Wenn Männer mir die Welt erklären
192 Seiten

Ich bin mit niedrigen Erwartungen an diese Essaysammlung herangegangen und diese sind teilweise unterboten worden. Allgemein spricht mich der Schreibstil, bzw die Übersetzung, nicht an, mein ästhetisches Empfinden wird nicht berührt. Die Texte sind nicht wissenschaftlich, weder werden Studien/Umfragen gezeigt, wenn sie etwas zeigen wollen, noch werden Gründe für Begebenheiten angeführt oder wirkliche Lösungen vorgeschlagen. Das ist unironisch schade. An ein paar wenigen Stellen hat man das Gefühl, dass sie keinen Grabenkampf zwischen den 2 klassischen Geschlechtern heraufbeschwören will, was sie mit ihrer Schreibe aber leider tut. Die ganze College-Sache: was ist die Konsequenz aus ihrem Denken? Believe all women, ergo Unschuldsvermutung ade, Beweisführung passé? Allgemein werden bei ihr diverse Dinge derart vermengt und auf eine Stufe gestellt, dass es mir wirklich graust. Intellektuell unredlich. Wenn man aus den Problemen herauszoomt, so sieht man, dass Gewalt an Frauen umgeframed werden kann in Gewalt von Männern, denn auch Männer werden von Männern verprügelt, getötet usw, in weit größerer Zahl als Frauen. Dies mag unter anderem an hirnstrukturellen/psychologischen Gründen liegen; betrachtet man die Big5, so sieht man, dass Männer wesentlich disagreeable u.m. sind. Auch wenn Männer und Frauen im Wesentlichen gleich sind, können sie radikale Unterschiede produzieren. Deswegen liegt die Mehrheit der Gefängnisinsassen bei den Männern (95% vs 5%) und so weiter und so fort. R.S. kritisierte das Vorgehen, dass man Frauen an Collegecampus (Plural mit langem "U", U-Deklination) beibringt, dass man besser Vorsicht walten lässt; ihrer Meinung nach soll man den Männern sagen, dass sie nicht vergewaltigen sollen. Leider ist es diesem Klientel scheißegal und die, die in einem "Prodromalstadium" sind, welches durch Alkohol oder Drogen in ein aktives "Sexuell übergriffig"-Stadium wird; soll man ihnen das Feiern verbieten (dort konsumieren sie und werden gefährlich)? Das wäre doch zu diskutieren, zusätzlich zu Vorsichtsmaßnahmen für Frauen (was auch durch gute Kameras passieren kann, also indirekt). Dass Vorsicht ein Frauenphänomen sein soll, finde ich als schon mehrfach nachts auf dem Nachhauseweg verfolgter Mann by the way ziemlich lächerlich.

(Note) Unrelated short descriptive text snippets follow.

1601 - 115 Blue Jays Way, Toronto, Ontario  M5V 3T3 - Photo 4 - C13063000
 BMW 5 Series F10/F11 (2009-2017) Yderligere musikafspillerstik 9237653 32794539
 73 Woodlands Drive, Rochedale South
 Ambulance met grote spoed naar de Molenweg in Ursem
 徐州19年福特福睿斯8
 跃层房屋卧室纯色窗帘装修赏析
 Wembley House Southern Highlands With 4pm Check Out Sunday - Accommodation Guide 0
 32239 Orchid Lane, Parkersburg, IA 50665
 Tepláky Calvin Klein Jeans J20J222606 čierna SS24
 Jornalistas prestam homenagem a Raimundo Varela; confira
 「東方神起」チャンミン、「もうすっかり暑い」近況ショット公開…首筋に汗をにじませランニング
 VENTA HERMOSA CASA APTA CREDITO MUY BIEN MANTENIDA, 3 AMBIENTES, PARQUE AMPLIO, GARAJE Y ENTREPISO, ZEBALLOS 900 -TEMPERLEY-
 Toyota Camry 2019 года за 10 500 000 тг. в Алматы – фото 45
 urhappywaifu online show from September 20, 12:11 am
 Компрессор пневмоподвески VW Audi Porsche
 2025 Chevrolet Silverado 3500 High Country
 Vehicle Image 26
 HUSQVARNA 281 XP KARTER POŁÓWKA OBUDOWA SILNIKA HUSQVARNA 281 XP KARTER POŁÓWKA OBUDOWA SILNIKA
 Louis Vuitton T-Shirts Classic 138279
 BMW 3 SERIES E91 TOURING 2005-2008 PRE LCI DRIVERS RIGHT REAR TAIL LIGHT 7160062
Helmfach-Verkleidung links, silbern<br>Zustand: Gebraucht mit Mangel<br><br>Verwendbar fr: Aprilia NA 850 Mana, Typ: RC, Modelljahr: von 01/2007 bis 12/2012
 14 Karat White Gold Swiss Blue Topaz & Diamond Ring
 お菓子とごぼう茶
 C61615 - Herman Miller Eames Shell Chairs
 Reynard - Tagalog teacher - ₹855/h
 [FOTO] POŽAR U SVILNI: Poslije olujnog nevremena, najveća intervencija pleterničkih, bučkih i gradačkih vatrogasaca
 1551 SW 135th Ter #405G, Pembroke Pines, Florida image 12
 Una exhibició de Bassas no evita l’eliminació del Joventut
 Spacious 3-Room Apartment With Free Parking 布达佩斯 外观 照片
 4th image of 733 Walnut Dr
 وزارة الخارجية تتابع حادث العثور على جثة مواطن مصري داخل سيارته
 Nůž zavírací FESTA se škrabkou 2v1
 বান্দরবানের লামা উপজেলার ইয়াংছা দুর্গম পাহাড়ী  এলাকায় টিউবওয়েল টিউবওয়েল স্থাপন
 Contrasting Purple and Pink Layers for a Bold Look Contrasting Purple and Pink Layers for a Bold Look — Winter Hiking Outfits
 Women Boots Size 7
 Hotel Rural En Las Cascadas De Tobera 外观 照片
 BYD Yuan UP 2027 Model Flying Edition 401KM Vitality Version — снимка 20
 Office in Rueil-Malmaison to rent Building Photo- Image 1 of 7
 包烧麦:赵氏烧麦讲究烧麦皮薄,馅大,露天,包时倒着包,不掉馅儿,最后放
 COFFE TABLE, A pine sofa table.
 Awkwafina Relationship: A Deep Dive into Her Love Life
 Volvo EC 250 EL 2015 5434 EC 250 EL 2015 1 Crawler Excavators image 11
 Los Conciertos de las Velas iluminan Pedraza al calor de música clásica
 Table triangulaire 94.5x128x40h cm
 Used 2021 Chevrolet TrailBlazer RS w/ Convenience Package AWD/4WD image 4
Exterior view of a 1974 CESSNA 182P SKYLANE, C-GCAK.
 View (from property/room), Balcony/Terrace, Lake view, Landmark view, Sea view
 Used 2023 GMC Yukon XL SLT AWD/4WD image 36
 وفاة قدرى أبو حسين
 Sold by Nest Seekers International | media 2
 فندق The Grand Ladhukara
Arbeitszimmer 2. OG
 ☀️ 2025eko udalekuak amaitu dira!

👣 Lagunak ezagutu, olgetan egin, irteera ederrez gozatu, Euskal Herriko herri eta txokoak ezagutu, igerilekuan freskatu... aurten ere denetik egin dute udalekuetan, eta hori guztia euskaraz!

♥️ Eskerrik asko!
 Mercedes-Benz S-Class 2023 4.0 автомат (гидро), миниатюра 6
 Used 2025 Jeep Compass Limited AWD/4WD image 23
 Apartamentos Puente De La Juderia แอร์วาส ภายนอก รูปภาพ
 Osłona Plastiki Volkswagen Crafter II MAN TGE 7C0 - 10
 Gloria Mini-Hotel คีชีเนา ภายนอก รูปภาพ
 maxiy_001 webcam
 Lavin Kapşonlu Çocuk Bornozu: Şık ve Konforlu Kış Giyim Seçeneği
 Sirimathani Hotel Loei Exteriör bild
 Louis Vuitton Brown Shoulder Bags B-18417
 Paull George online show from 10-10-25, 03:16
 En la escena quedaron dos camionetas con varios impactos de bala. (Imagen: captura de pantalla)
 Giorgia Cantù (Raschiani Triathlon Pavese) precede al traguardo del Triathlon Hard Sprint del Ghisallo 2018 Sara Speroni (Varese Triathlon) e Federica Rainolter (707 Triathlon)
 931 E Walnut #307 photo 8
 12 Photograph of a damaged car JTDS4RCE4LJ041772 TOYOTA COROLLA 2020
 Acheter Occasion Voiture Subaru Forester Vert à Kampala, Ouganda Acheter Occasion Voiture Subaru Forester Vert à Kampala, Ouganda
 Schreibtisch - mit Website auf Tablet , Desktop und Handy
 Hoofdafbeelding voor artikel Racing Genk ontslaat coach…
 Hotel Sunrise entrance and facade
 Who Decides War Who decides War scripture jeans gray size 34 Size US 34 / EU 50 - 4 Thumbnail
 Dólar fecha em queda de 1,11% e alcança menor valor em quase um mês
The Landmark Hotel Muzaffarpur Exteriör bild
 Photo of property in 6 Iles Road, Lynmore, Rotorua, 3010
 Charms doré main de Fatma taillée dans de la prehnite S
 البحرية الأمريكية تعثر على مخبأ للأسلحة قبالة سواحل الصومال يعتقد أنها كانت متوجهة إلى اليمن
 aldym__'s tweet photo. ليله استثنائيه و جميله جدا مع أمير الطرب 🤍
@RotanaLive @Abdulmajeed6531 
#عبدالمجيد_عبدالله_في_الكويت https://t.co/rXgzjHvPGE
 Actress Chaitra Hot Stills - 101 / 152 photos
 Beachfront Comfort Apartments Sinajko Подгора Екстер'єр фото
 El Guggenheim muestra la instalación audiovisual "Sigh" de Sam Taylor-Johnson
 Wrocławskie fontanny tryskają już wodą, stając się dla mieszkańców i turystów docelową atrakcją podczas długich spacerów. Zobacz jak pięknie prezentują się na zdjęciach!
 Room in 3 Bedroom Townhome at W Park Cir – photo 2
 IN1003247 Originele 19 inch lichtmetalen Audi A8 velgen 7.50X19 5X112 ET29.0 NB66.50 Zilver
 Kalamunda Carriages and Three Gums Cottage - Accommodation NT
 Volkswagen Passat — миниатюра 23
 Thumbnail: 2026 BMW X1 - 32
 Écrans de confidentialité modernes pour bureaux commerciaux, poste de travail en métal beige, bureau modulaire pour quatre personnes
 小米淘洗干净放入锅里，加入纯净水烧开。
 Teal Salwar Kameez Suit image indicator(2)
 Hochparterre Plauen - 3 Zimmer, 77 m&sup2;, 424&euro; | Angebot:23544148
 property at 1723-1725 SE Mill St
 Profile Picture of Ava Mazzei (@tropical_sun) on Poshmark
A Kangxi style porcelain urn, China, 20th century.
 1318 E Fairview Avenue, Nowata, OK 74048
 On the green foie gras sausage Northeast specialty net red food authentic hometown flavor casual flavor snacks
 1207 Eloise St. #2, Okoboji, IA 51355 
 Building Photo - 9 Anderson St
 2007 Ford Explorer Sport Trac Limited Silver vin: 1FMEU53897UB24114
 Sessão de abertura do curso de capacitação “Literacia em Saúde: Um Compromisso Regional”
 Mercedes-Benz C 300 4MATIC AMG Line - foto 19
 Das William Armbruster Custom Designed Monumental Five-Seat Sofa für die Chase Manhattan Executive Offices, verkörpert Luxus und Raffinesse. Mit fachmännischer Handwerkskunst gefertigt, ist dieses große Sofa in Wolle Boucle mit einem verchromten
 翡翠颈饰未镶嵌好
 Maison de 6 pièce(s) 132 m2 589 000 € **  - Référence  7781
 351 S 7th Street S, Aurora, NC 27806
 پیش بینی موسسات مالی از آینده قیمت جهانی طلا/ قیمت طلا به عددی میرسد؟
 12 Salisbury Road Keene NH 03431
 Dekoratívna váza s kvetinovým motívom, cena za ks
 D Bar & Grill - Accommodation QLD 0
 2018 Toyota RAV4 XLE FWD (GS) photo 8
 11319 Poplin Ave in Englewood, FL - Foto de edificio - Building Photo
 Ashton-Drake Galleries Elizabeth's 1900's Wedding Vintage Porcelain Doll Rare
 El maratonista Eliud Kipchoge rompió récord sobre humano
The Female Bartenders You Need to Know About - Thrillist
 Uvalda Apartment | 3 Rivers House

Ich bin in der Hirnforschung tätig, im Besonderen im Bereich der Schizophrenie. Eine gängige Theorie ist hierbei, dass Positivsymptome wie Wahnvorstellungen aus einer aberranten Salienz entstehen können (dass also einem random herumliegenden Stift ein höherer Sinn zugeschrieben werden muss zB, in der Art "Dieser Stift ist von Gottes Hand/ von der NWO zum Abhören/ von Ken Jebsen gegen die Coronamaßnahmen hingelegt worden"). Daran musste ich oft denken; dass R.S. Begebenheiten u.Ä. ihres Kontextes beraubt und sie in ihr Gedankenmuster einbettet.

Der einzige Teil, der mir gefiel, war der Essay über Virginia Woolf (abgesehen vom esoterischen Geschwurbel, das auch an manch anderer Stelle aufblitzte), genauer: die Stellen in der sie zitiert wurde. Ich muss endlich etwas von ihr sehen.

Fazit: mir persönlich zu tendenziöses, nicht das Problem lösen wollendes Schriftstück, das rhetorisch geschickt ihrem Zwecke diente, aber nicht der Allgemeinheit. Sie bekämpft sich mit den Waffen, die sie nicht (mehr) in den Händen der Männer sehen will

Der beste Punkt aber zum Schluss (und u.a. das meine ich mit "rhetorisch geschickt"): Diese ganze Kritik kann laut ihr sofort abgeschmettert werden, denn ich bin ein Mann (sie tut das sogar im titelgebenden Essay).